People howling about Subway’s not-quite-a-footlong sandwiches are, um, inching toward their day in court—which likely has attorneys for both sides whipping out their measuring tapes.

Seven class-action lawsuits against Subway Sandwich Shops will be centralized in the Eastern District of Wisconsin, a procedural move that allows for more efficient disposition than if each suit proceeded separately. Because the class in each case includes "hundreds of thousands or millions of persons," as one of the plaintiffs claims, consolidation seemed necessary.

They all make the same claim, that Subway’s manufacturing process and franchisee training result in a sandwich "that is materially shorter than the foot that is advertised, in violation of state consumer protection laws."

To dramatically underscore the point, they refer to the classic image first posted by an Australian teenager to Subway’s Facebook page in January and then copied copiously: a footlong Subway, with a yellow measuring tape on top, that only reaches to 11 inches. "Subway pls respond" was the message on the image.

And the feeding frenzy began. A used-car dealer who figures he’s chomped down 50 meatball footlongs a year for the last 14 years told the New York Post, "Now I feel like an idiot. I can’t believe I fell for that trick." 

His lawyers did the math and came up with this eye-popping statistic. If 25 percent of Subway’s revenue comes from footlong subs, that’s $2.85 billion a year. Those one-inch pieces of dough consumers say they aren’t getting adds up to $142.5 million of "illicit earnings."

Subway itself, owned by Doctor’s Associates Inc. in Milford, Connecticut, dropped the ball of dough at first, saying Australia, like most countries, uses the metric system so the word "footlong" wasn’t meant to mean 12 inches. They also said inconsistencies in kneading, rising, shaping and proofing the dough could cause a shortfall on occasion. 

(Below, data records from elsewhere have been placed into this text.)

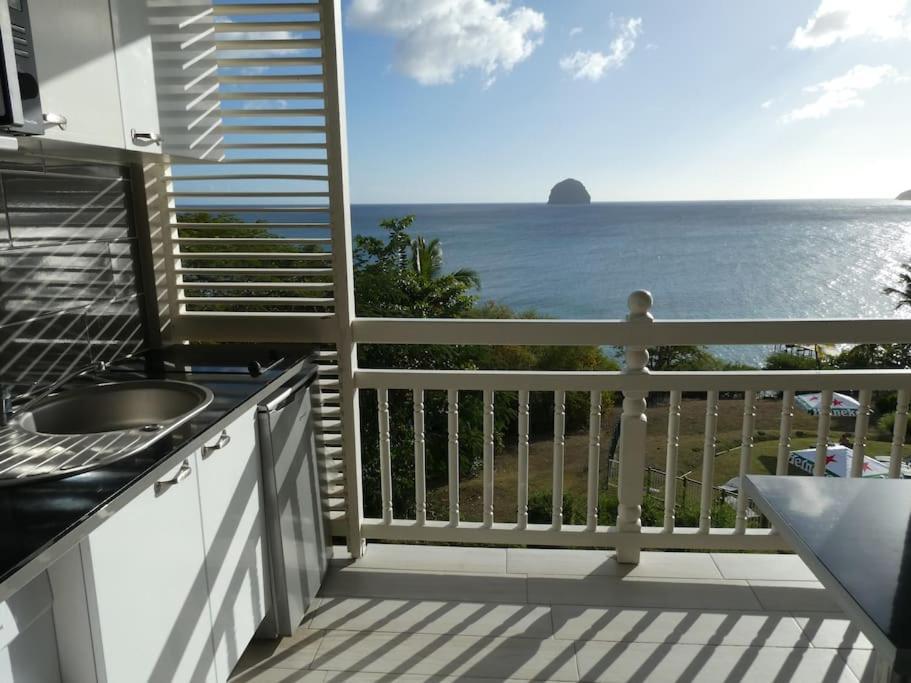 Appartement Terrasse Vue Mer Et Piscine Ле-Диаман Экстерьер фото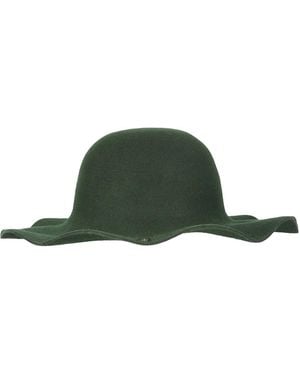 Ami Paris Borsalino Hat - Green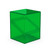 Deck Boxes: Premium Single Dboxes - Boulder 100+ - Clear Emerald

By January 25 they were contrite. "We regret any instance where we did not fully deliver on our promise to our customers," their statement said. For this story, their outside attorney, John Doroghazi of Wiggin & Dana in New Haven, Connecticut, emailed this response:  "Thank you for your inquiry, but our client’s policy is not to comment on ongoing litigation."

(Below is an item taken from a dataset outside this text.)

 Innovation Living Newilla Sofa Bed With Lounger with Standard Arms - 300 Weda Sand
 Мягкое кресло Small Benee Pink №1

Plenty of people think such cases give class-action suits and plaintiffs’ attorneys a bad name. Ron Miller, a plaintiffs’ attorney himself with Miller & Zois in Maryland, is one. "Lawsuits like this, and celebrities that sue for every possible slight, really send a message to people, who later become jurors, that the judicial system is not often a place for serious justice. 

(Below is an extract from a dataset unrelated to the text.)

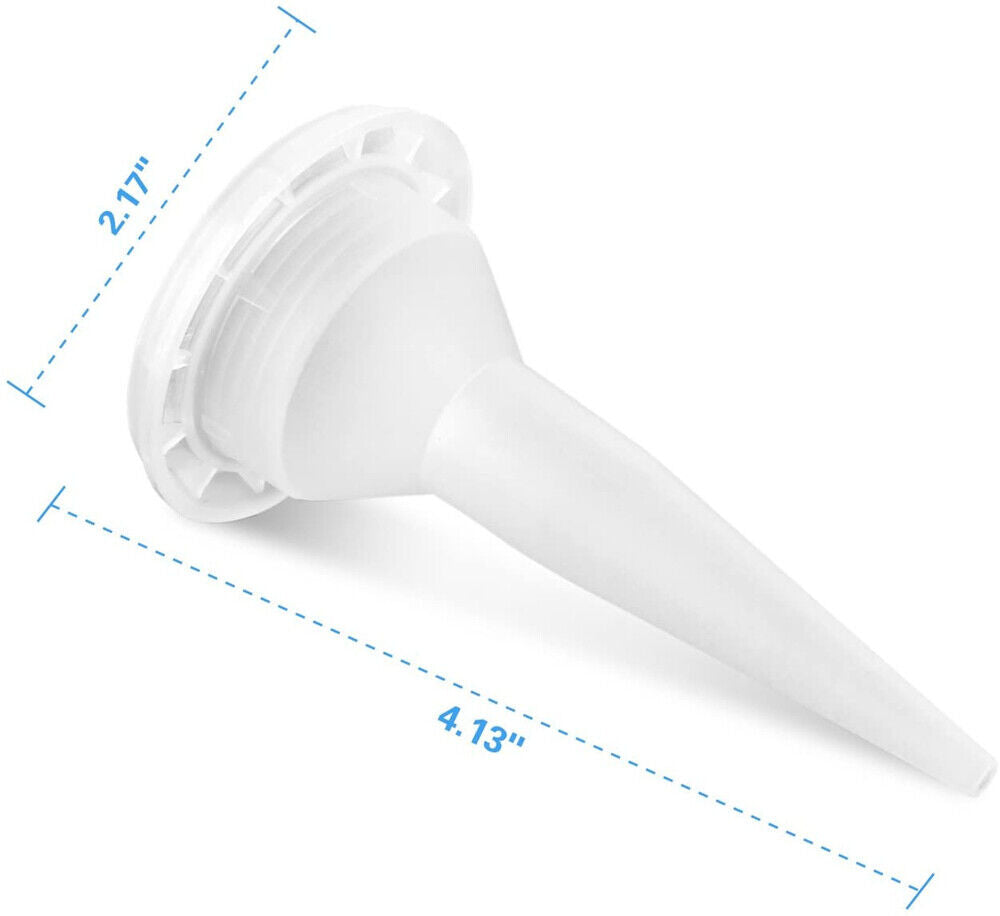 14/17/19PCS Caulking Tool Scraper Nozzles Spatulas Filler Spreader Sealant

"So when an injured plaintiff begins a trial, she does not begin on the 50-yard line. She starts deep in her own territory," he writes on the Maryland Injury Lawyer Blog.

Forbes magazine called the suits "baloney" in a headline. "Like every other living breathing creature, the way raw ‘live’ bread dough grows and develops depends upon a plethora of conditions," writes contributor Nadia Arumugam. "So, I’m OK that Subway’s footlongs aren’t exactly 12 inches."

But Marc Levy, a partner at Faegre Baker Daniels in Denver, shoots back. "I don’t know if it’s silly or not. I do advertising law, and I’ve counseled clients on their advertising, and represent them in litigation involving it," he says. 

"If you tell consumers that your sandwich is a footlong sandwich, and if you’re giving them a sandwich that is not a footlong, it does not strike me as wacky to say, well, that’s false and deceptive."

He says consumer fraud actions are "more and more common" in the past five years or so, and cites the recent Skechers settlement as one reason why. In that case, the Federal Trade Commission blasted Skechers’ claims that all you had to do to get a tight behind was to wear its special shoes. Skechers agreed to pay $45 million in a settlement, "and consumers jumped on." 

Right now a case against POM Wonderful, the makers of pomegranate juice who have made multiple health claims about their product, is being eagerly watched. "There are a lot of actions among the plaintiff class-action bar," Levy says. "These are lawyers who do nothing but file these kind of putative class actions, in the hopes of monetary settlements and attorneys’ fees." 

The last line in one of the seven cases against Subway, Barry Gross vs. Doctor’s Associates, makes the point. "Please be advised that we claim a lien upon any recovery herein for one-third or such amount as a court awards," it says, and is signed by Daniel Edelman, of Edelman, Combs, Latturner & Goodwin in Chicago. Attorneys there did not respond to multiple requests for comment.

Arguments are yet to be made in the cases, and no court dates have been set, but one thing is certain in the meantime: Attorneys are measuring Subway sandwich after Subway sandwich in preparation for trial, to see how many hit the mark or fall short. 

"I would imagine there’s a serious effort at product sampling going on," Levy says with a laugh, "and there are some lawyers who know more about baking than they ever thought they would." 

Beth Ewen is managing editor of Franchise Times. Send interesting legal and public policy cases to [email protected].